During the onset of COVID-19, safety concerns and shrinking clientele forced restaurants to switch to takeout, with some resorting to carryout-only for more than a year. While some restaurant owners praised takeout as COVID-19’s saving grace, others feel lukewarm about the fast-delivery model.

Now that restrictions have relaxed and more people are out-and-about, restaurants are highlighting their dine-in specials during Alexandria’s Restaurant Week, a 10-day event beginning Friday and running through Aug. 28, where Alexandrians can eat meals for $25, $35 or $45 per person at a variety of dining destinations. Many restaurants still plan to offer all or some menu items in takeout-form – with many of the same deals.

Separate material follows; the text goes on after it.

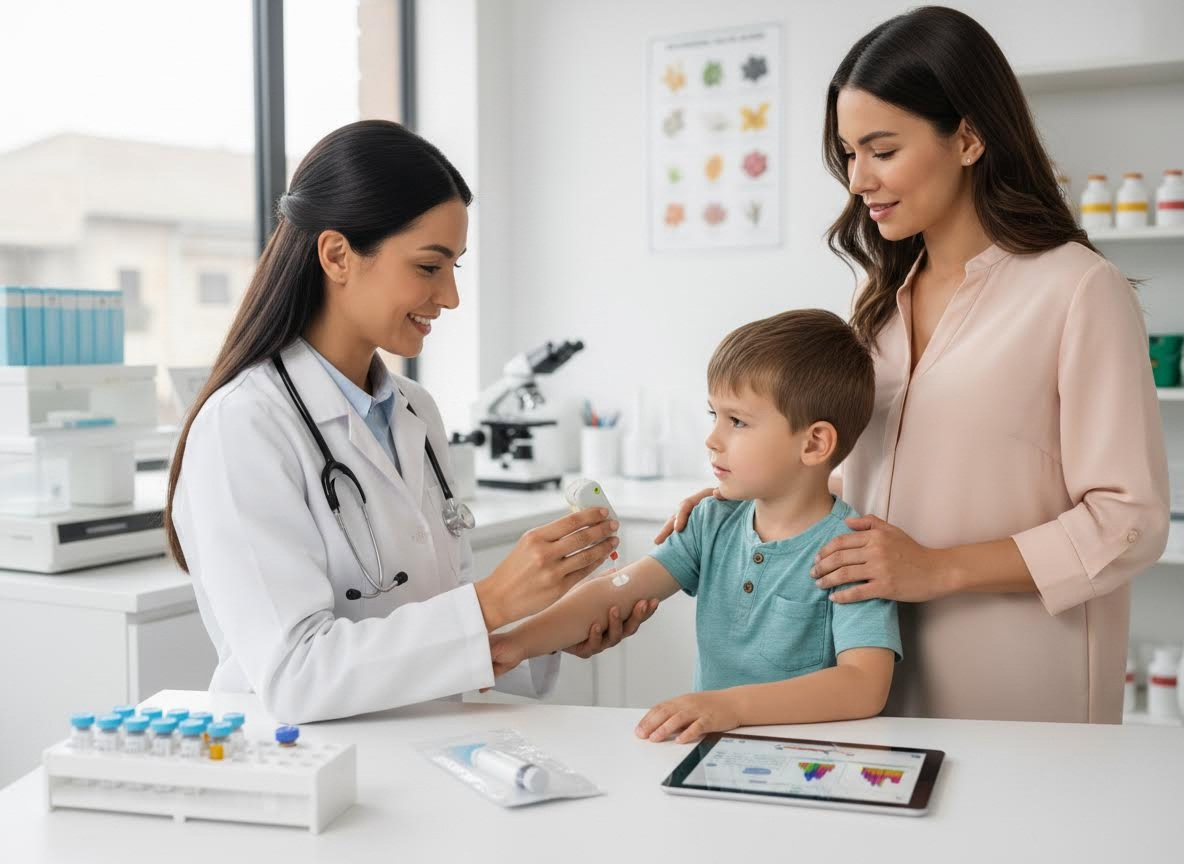 Pediatrician applying treatment to a child's arm in a clinic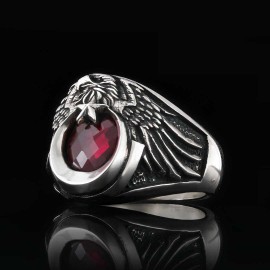 Single Headed Eagle Winged Crescent and Star Ottoman Ring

This year’s restaurant week is especially exciting for businesses that have bounced back from hard times during the pandemic – surviving what many other Alexandria restaurants unfortunately did not. However, as many local owners noted, struggles remain in the ever-changing restaurant scene, and takeout can make or break a business’ success.

Dishes of India

The 25-year-old restaurant Dishes of India, located at 1510 A Belleview Blvd. in the Fairfax County portion of Alexandria, has remained steadfast despite several challenges, including a flood, a building fire and COVID-19. Remarkably, the business did not close a single day during the pandemic, according to Gopal Bhatt, who runs the restaurant with his brother, Naresh – which Bhatt attributes to their takeout-heavy system.

“Takeout, it’s a blessing for us,” Bhatt said. “We had a slight advantage because we always had from the very beginning a very good takeout business, because of the kind of location we are in and also the fact that we are in the basement.”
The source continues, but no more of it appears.